677268774848952

The War in the Gulf Is Already Hitting Americans Where It Hurts — The Gas Pump

by | Mar 4, 2026

Americans didn’t need a briefing from the Pentagon to know something had changed.

They saw it Monday morning when the numbers on the gas pump jumped.

National gasoline prices across the United States rose 12 cents in a single day, according to petroleum analysts tracking fuel markets. That makes it the fourth-largest one-day price increase since 2005, according to GasBuddy’s head of petroleum analysis, Patrick De Haan.

The only bigger jumps happened during moments Americans may remember well — Hurricane Katrina in 2005, the Iraq War era, and Russia’s invasion of Ukraine in 2022.

In other words, this isn’t a routine market wobble. This is geopolitics.

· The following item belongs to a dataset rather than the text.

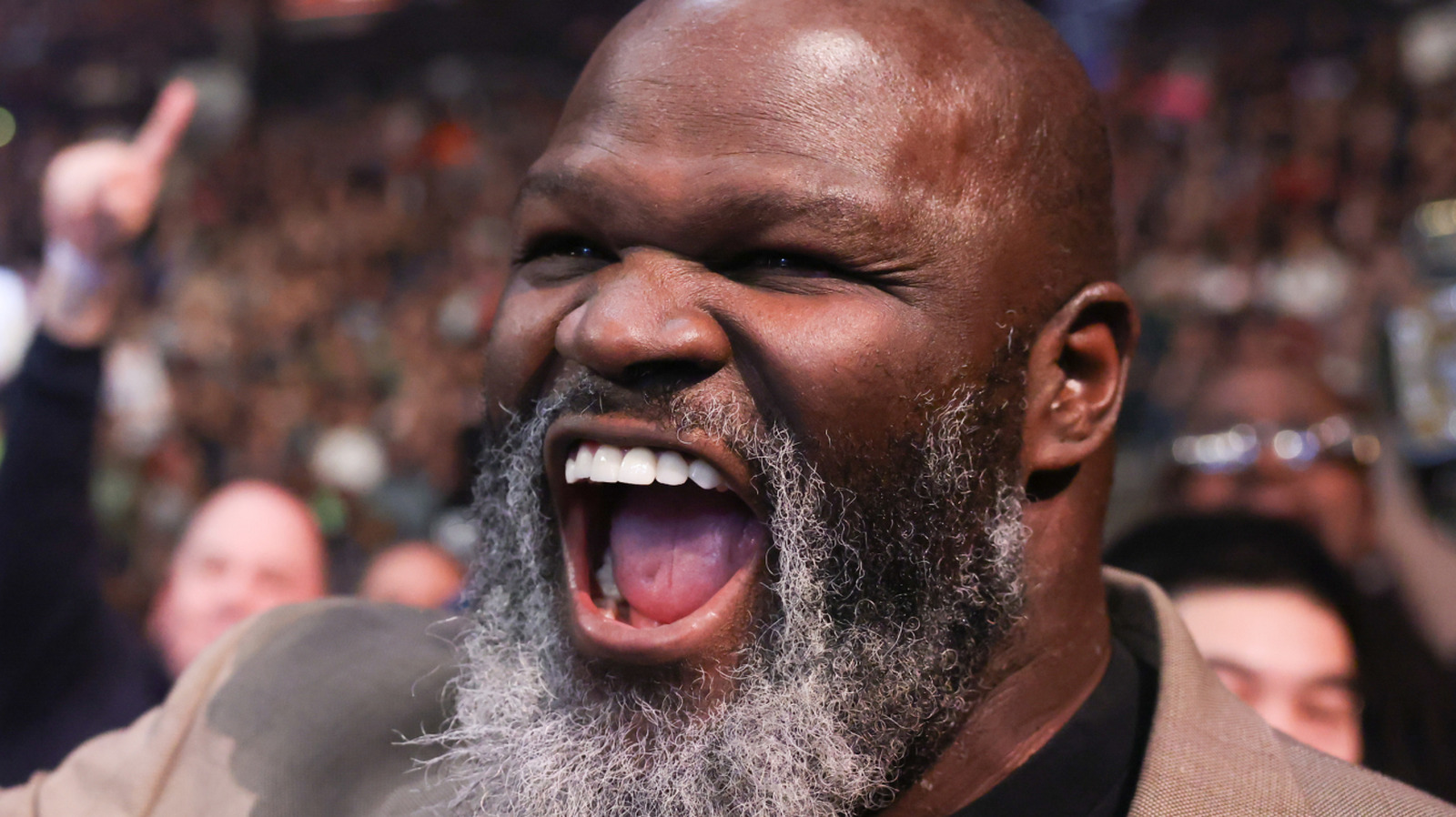 Mark Henry Points To 'Symbolism' From WWE SmackDown Main Event Segment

The spike comes just days after the United States and Israel launched strikes against Iran, a move that immediately rattled global oil markets and raised fears about the security of shipping routes in the Persian Gulf.

Diesel prices are climbing too. They rose 10.8 cents in a single day, placing the increase among the ten largest since modern fuel tracking began in 2005.

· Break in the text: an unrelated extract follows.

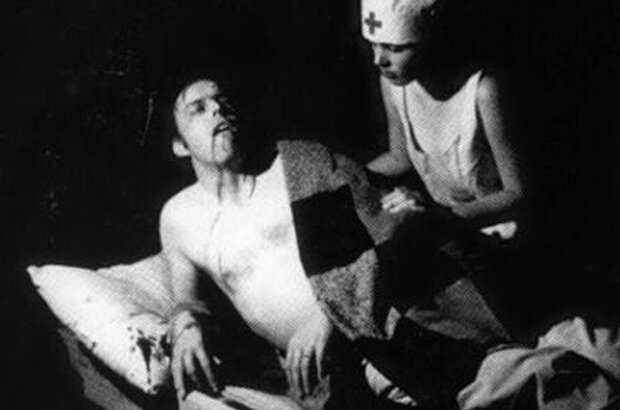Сказки больницы Гимли (1988) - фото 4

That matters because diesel moves almost everything in America — trucks, trains, construction equipment, farm machinery. When diesel rises, the cost of groceries, building materials, and freight tends to rise right along with it.

Energy analysts say the market reaction may only be the beginning.

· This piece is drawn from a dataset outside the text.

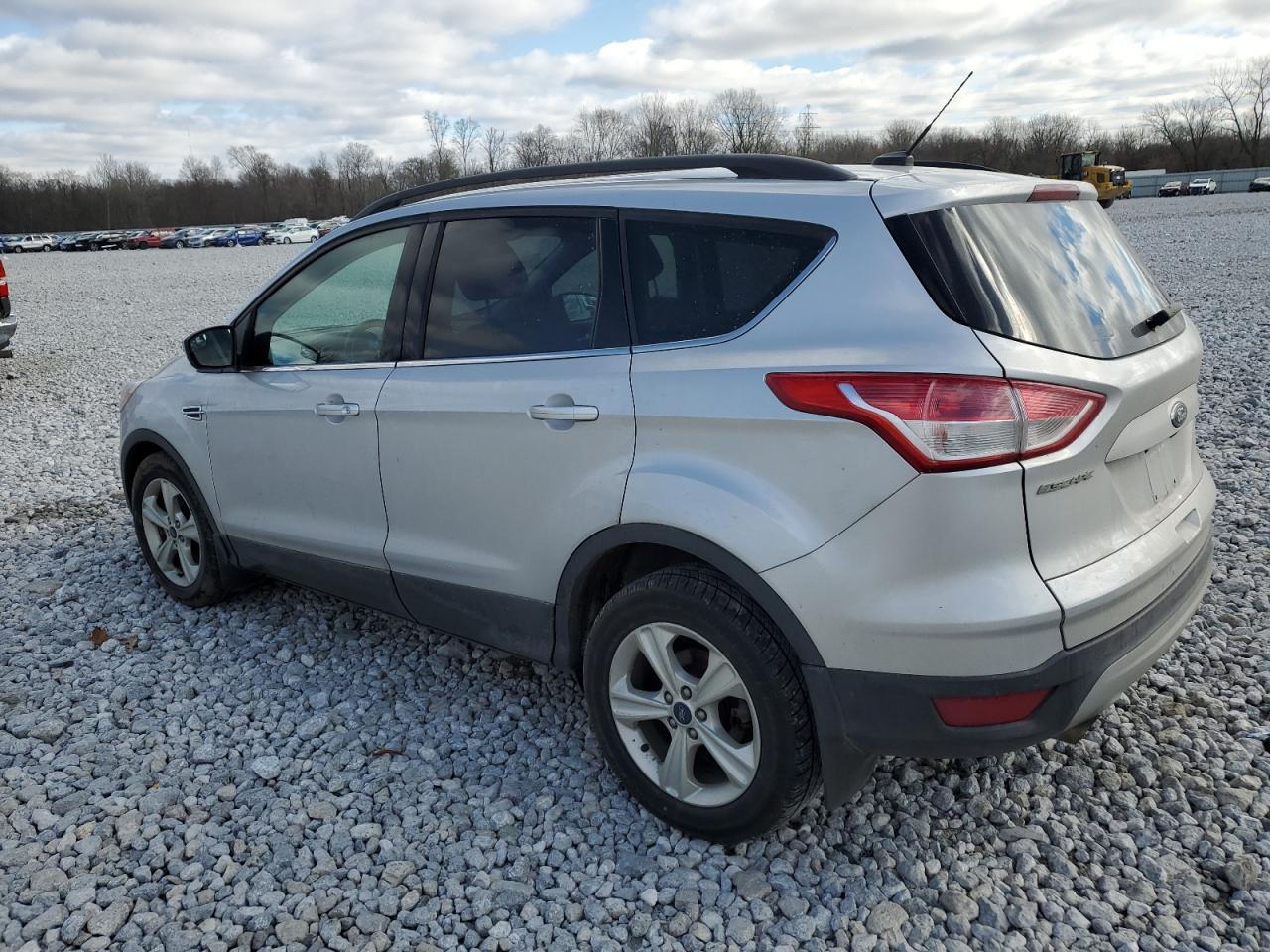 2015 FORD ESCAPE SE - Image 2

Matt McClain, another petroleum analyst at GasBuddy, says forecasters are being cautious because everything now depends on how the conflict unfolds. Still, the trajectory is fairly clear.

“If the situation remains where it is now, we could see gasoline rise another 20 to 55 cents per gallon within the next week or two,” McClain said.

That forecast assumes the conflict doesn’t escalate further. If it does — or if shipping through the Persian Gulf is disrupted — prices could move much faster.

That’s because the Persian Gulf is not just another body of water on the map. It is one of the central arteries of the global oil system, carrying a massive share of the world’s energy supply through narrow shipping lanes like the Strait of Hormuz.

When missiles start flying anywhere near those routes, tanker insurance rates climb, shipping slows, and oil traders begin bidding up prices long before an actual shortage appears.

In global energy markets, fear moves prices almost as quickly as supply.

Even the possibility that a missile could hit an oil facility, a tanker, or a port is enough to send markets into defensive mode. The result is exactly what Americans saw this week: prices moving before the war itself has fully unfolded.

Energy analysts say the problem right now is uncertainty. A quick diplomatic cooling could steady markets. But a widening conflict — or attacks near oil infrastructure — could push fuel prices significantly higher in a very short time.

For the American driver, however, the math is much simpler.

Oil may be traded on global markets, debated in war rooms, and shipped through distant straits half a world away.

But the final accounting always happens at the gas pump.

Foreign policy is complicated, but the gas pump explains it pretty clearly.